Le 1er avril 2015 marque l’aboutissement de la libéralisation de la politique laitière de l’Union Européenne. Depuis 1984, les quotas laitiers régulaient les quantités produites par chaque troupeau de vaches laitières. Première région laitière française, la Bretagne est directement affectée par la transformation du cadre réglementaire communautaire. La thèse propose une anthropologie sociale et politique de la manière dont les éleveurs finistériens ont vécu la transformation des institutions gouvernant leur rapport à l’économie de marché.

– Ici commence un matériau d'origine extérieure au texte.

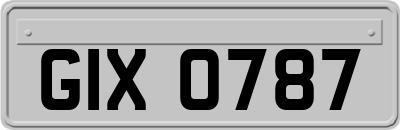 GIX0787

Suite à la libéralisation, le secteur connaît une grave « crise de trésorerie » provoquée notamment par une baisse drastique du prix du lait. L’élevage laitier connaît alors d’importantes mutations. Certaines fermes s’agrandissent pendant que de nombreuses autres cessent l’activité laitière. Les éleveurs utilisent l’expression « fuite en avant » afin de désigner la tendance à l’agrandissement des fermes cherchant à compenser la baisse tendancielle de rentabilité par un accroissement des volumes livrés. Dans cette thèse, il s’agit d’appréhender la « fuite en avant » à partir de la relation que les éleveurs entretiennent avec leurs vaches laitières. Ainsi, les éleveurs ne sont jamais considérés hors de leur immersion quotidienne dans une sociabilité interspécifique – le troupeau humain-bovin – construite par les humains et les bovins.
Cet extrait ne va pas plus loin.